Sabemos que o feminismo negro questiona, e com muitas razões, o feminismo branco liberal. Pois a emancipação do corpo as vezes se confunde com sua exposição e objetificação, para um grupo em que racismo e sexismo significaram a exploração violentíssima do corpo exposto e hipersexualizdo da mulher negra servindo ao gozo de seus algozes. Mas é sempre assim?

Foram as mulheres do funk (Tati Quebra Barraco, Deise Tigrona, Anitta etc.) e depois as meninas pretas do rap e do pop (de Nega Gizza a Karol Conka) que vem fazendo essa outra política, esse outro feminismo, na marra. Expondo seus corpos de maneira ativa, muitas vezes escandalosa, falando de desejo, sexualidade, multi parceiros, posições sexuais, motel, masturbação, corpo gordo, celulite, beleza negra, sexo anal, oral, sexismo, patriarcalismo, gozo, de forma explícita e desencanada.

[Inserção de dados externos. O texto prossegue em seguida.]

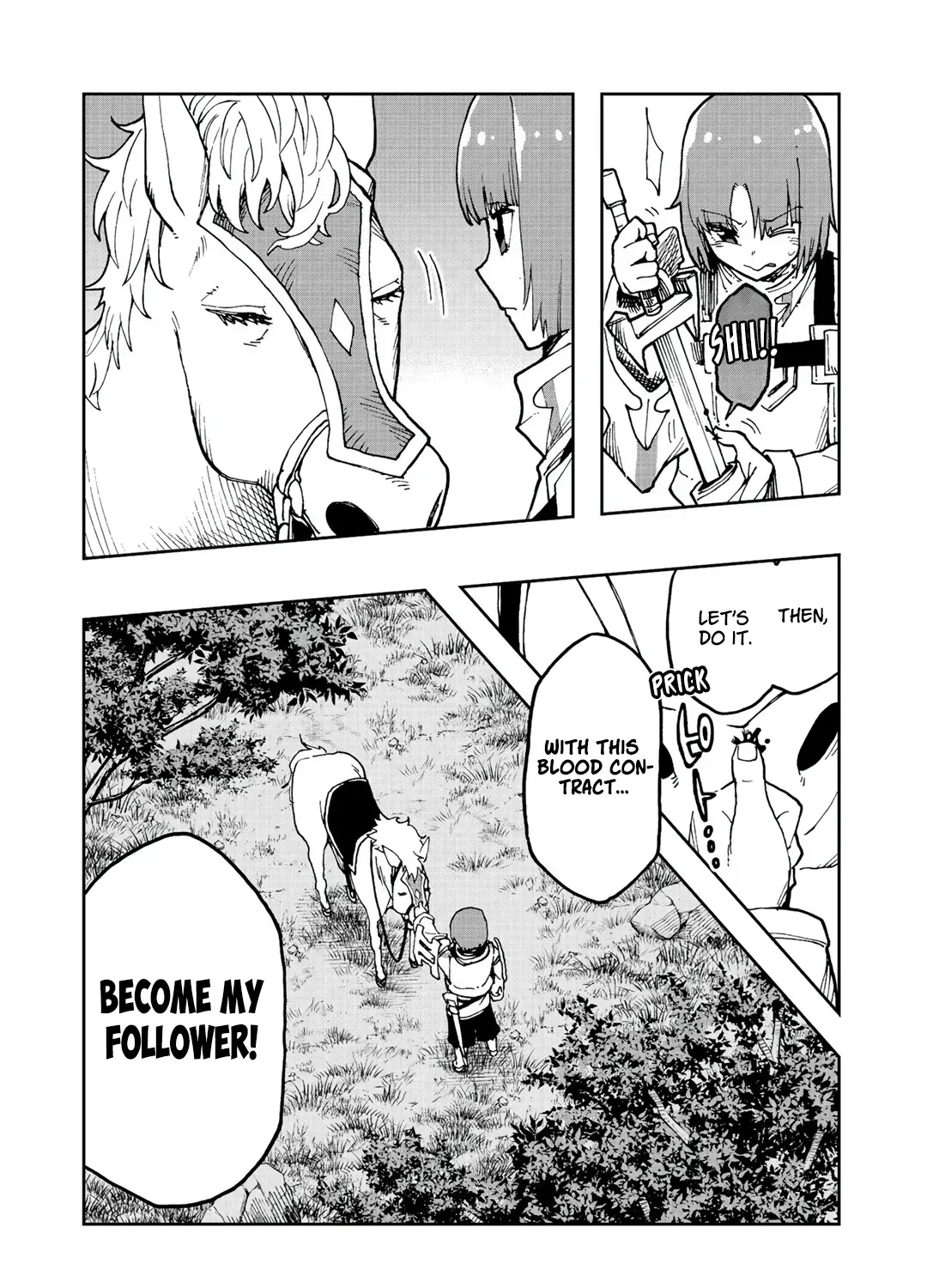 My Partner is a Slime!? ~With the Strongest Partner, I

Leila Diniz (mulher branca da Zona Sul) virou musa pelo seu comportamento libertário, que agradava mulheres e homens, mas existe toda uma linhagem outra das mulheres negras e brancas periféricas que ainda são consideradas “vulgares” quando assumem sua virilidade. E fato é que essas mulheres da periferia meteram o pé, entraram nas universidades e hoje temos entre as novas divas contemporâneas, de Anitta até uma jovem negra universitária, fashion e filósofa, como Djamila Ribeiro e outras mulheres incríveis e lacradoras, como se diz.

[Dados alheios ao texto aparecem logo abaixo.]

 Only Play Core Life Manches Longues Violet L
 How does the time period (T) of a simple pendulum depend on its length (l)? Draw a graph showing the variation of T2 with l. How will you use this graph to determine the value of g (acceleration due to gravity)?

Mas voltemos ao corpo. A “surra de bunda” que Anitta mostra a certa altura no clipe não é só sacanagem ou vulgaridade. Se Anitta decide oferecer seu bumbum para ser cutucado por dedos masculinos ou feito percussão de forma lúdica, quem vai achar ruim? Os homens brincaram com seus paus por séculos e erigiram uma cultura falocêntrica, que se auto homenageia, um paucentrismo, que produziu “tudo que está aí”.

Deixem as mulheres brincarem com suas bundas, bucetas etc. E mais: deixem as mulheres ganharem dinheiro e projeção com seus corpos, no comando da própria monetização de suas vidas – e não sendo assujeitadas. As mulheres têm que ter o copyright e serem as principais beneficiadas de séculos de assujeitamento e sexismo.

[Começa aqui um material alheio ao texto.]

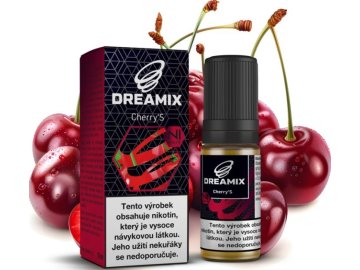 30515 liquid dreamix salt tresen cherry s 10ml 20mg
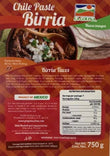 Birria Chile Paste - 750gm - Chile Mojo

Essa periferia global, cultural, potente, dos corpos que falam, do parlamento dos corpos (das mulheres, dos gays, trans) é o que torna ainda mais intolerável e insuportável o massacre epidêmico dos corpos negros e periféricos, pela polícia e pelo Estado, ou o feminicídio, em um país como o Brasil.

Existe uma potência dos corpos periféricos, negros, femininos, que o funk ostentou, que o rap e o feminismo negro deslocou, tirou do lugar de “objeto”, numa reviravolta cultural que explicita o outro lado: o racismo de base da nossa sociedade e as contradições da cultura pop global brasileira.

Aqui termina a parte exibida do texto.